Włodzimierz Ławniczak (25 August 1959 – 7 January 2011) was a Polish journalist and television executive. He served as the acting President of Telewizja Polska, which is Poland's public broadcasting corporation, from 27 August 2010 until 10 December 2010.

Włodzimierz Ławniczak was born in Konin, Poland, on 25 August 1959. Ławniczak graduated with a degree telecommunications engineering from the University of Technology and Life Sciences in Bydgoszcz.

He worked as the deputy editor of the Zrzeszenie Studentów Polskich (Polish Students' Association) from 1990 to 1991 and the director of the Biura Reklamy TVP, the advertising office of Telewizja Polska, from 2001 to 2004. Ławniczak also served as a member of the executive Polkomtel Spółka Akcyjna (Polish telecommunications company) from 2005 until 2007. He was a member of the board of directors of Telewizja Polska from December 2009 until his death on 2 January 2011.

On 27 August 2010 the Rada Nadzorcza, or supervisory board, appointed a new board of directors, with Ławniczak as the chairman and recalled previous chairman, Boguslaw Szwedo. Board member Przemyslaw Tejkowski was also suspended. Both actions were done on recommendation of the Prawo i Sprawiedliwość (Law and Justice party).
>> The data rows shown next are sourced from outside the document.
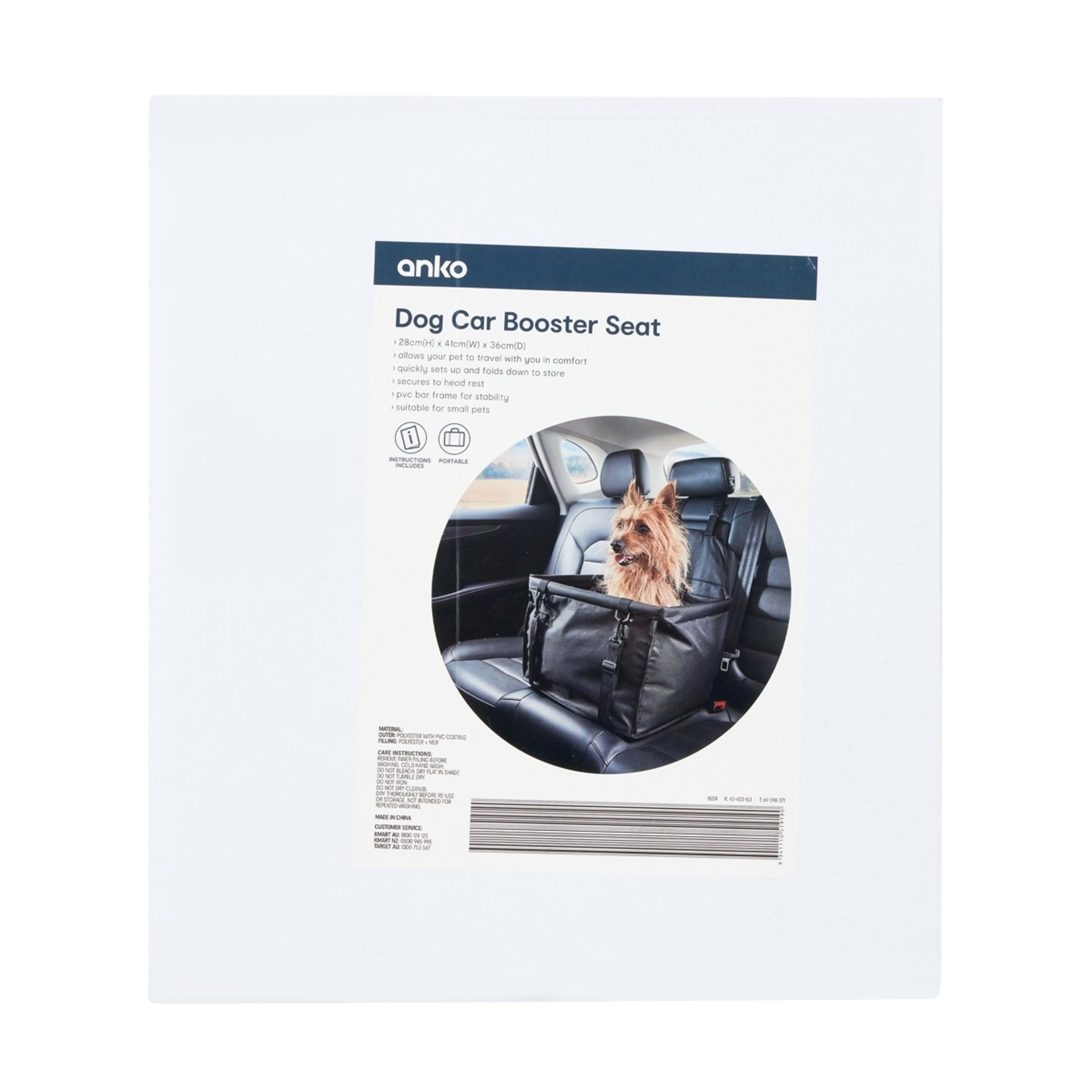 Dog Car Booster Seat Black Kmart NZ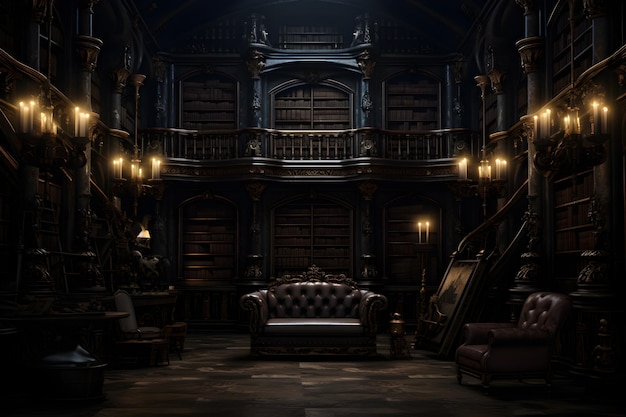 un'immagine di una vecchia biblioteca in un luogo buio nello stile di strati ricchi di texture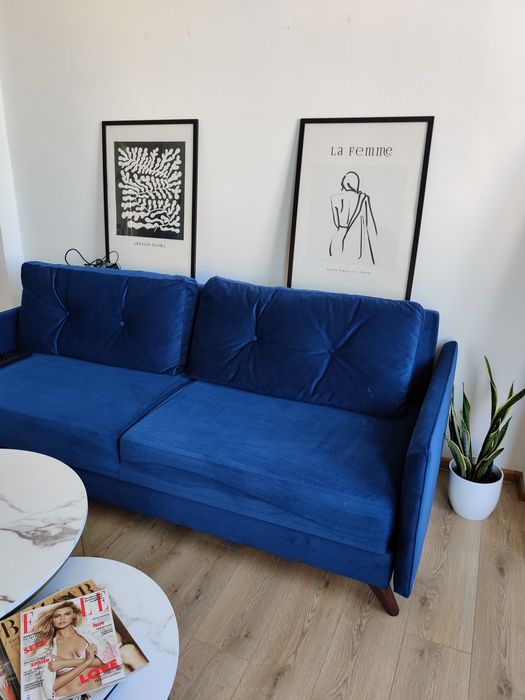 Разтегателен диван - син велур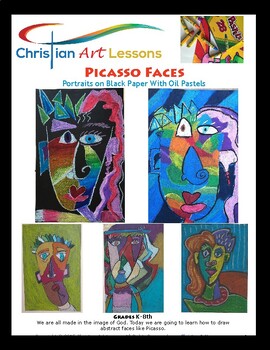 Preview of Art Lesson: Picasso Faces - Portraits on Black Paper With Oil Pastels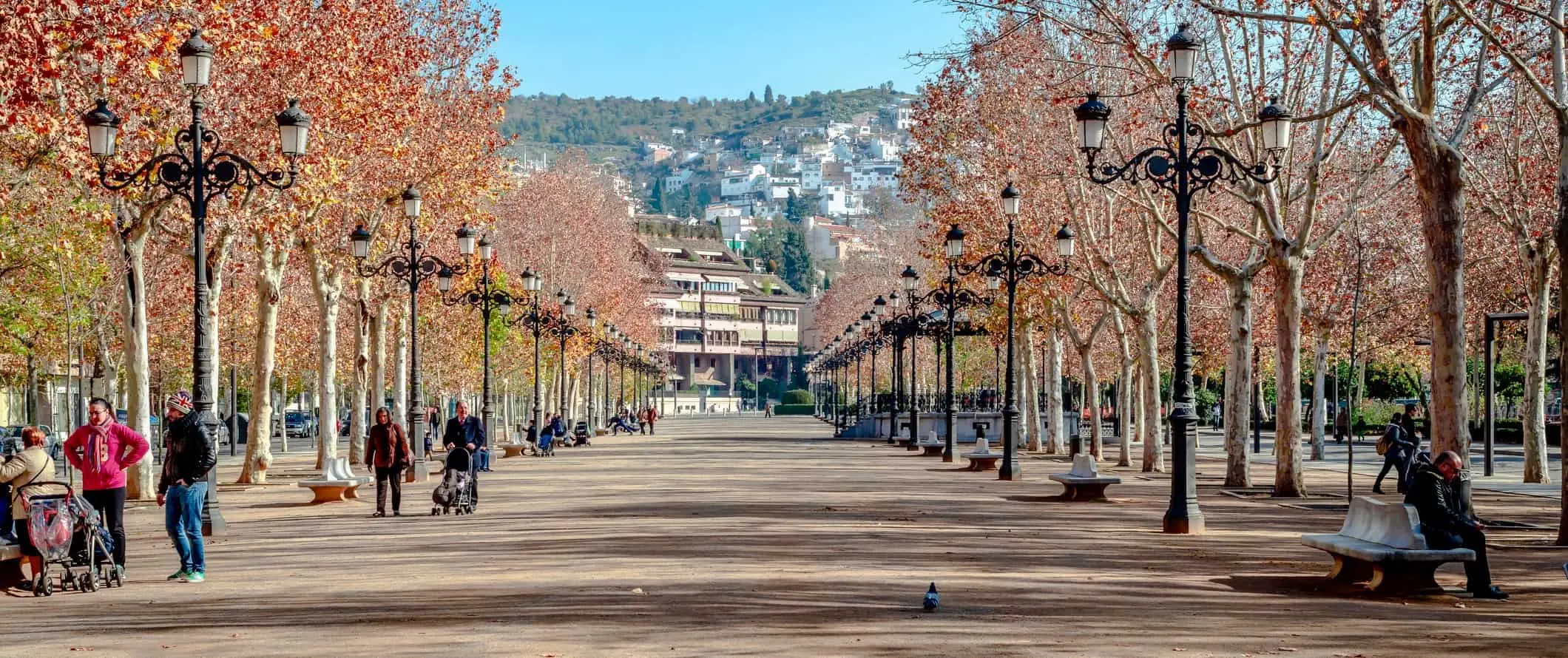 İspanya'nın Granada kentinde sıcak bir günde geniş bir yolda yürüyen ve bisiklete binen insanlar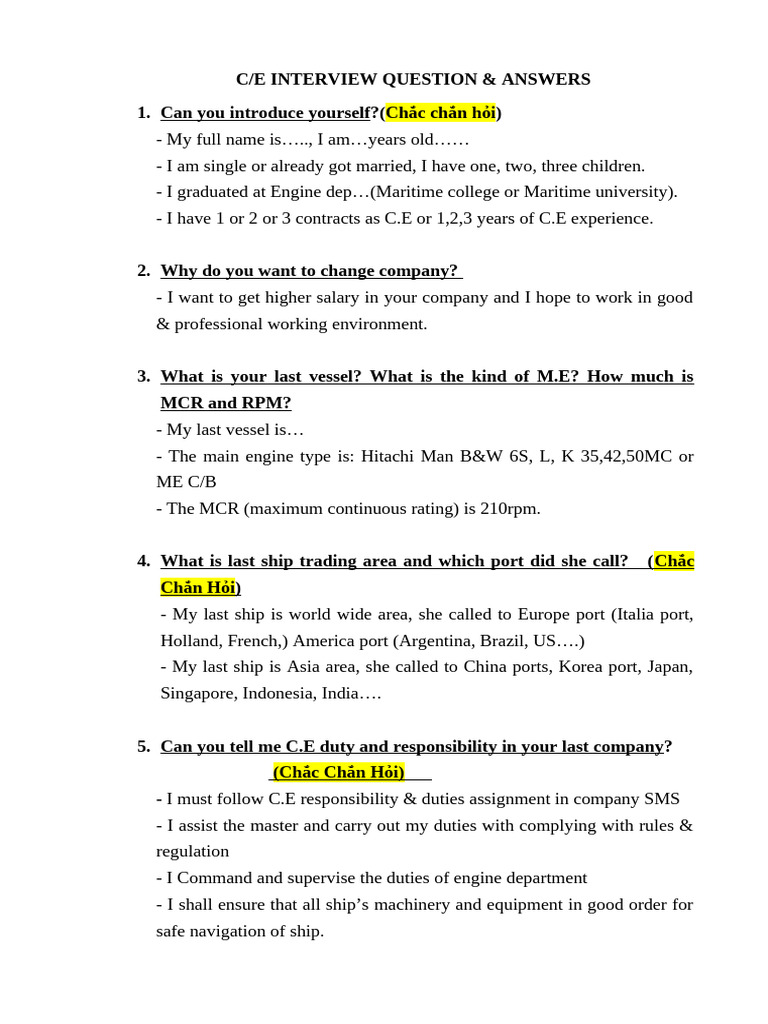 1.c.e Interview Ce Thang | PDF | Piston | Turbocharger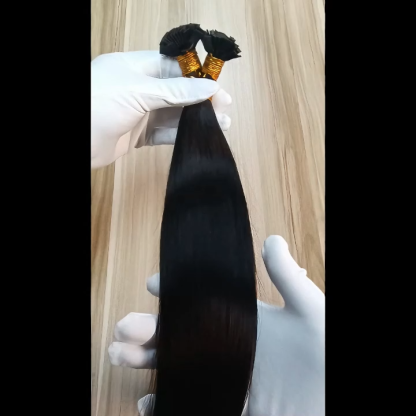 K-Tip Hair Extensions - #1B Straight Human Hair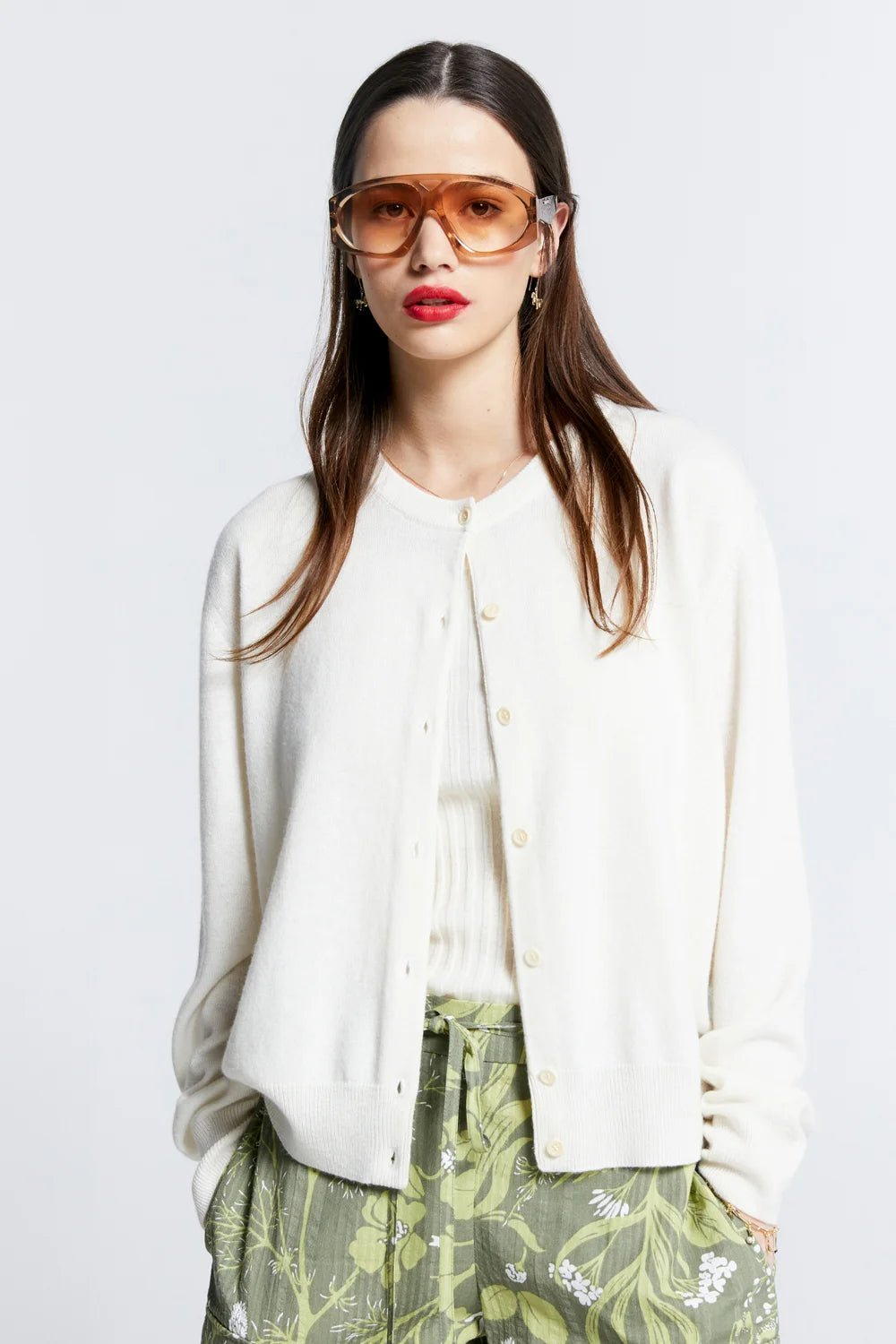 Karen Walker | Mina Button Up Cashmere Cardi | Off White | Palm Boutique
It was not until 20 September that year that the court entered an appeal to KRS (Krajowy Rejestr Sądowy -The Polish Companies House) Supervisory Board members, but not yet introduced to set the record of President.

Włodzimierz Ławniczak died of a long illness on 2 January 2011 at the age of 51. His funeral was held in Warsaw, at the Służew Old Cemetery.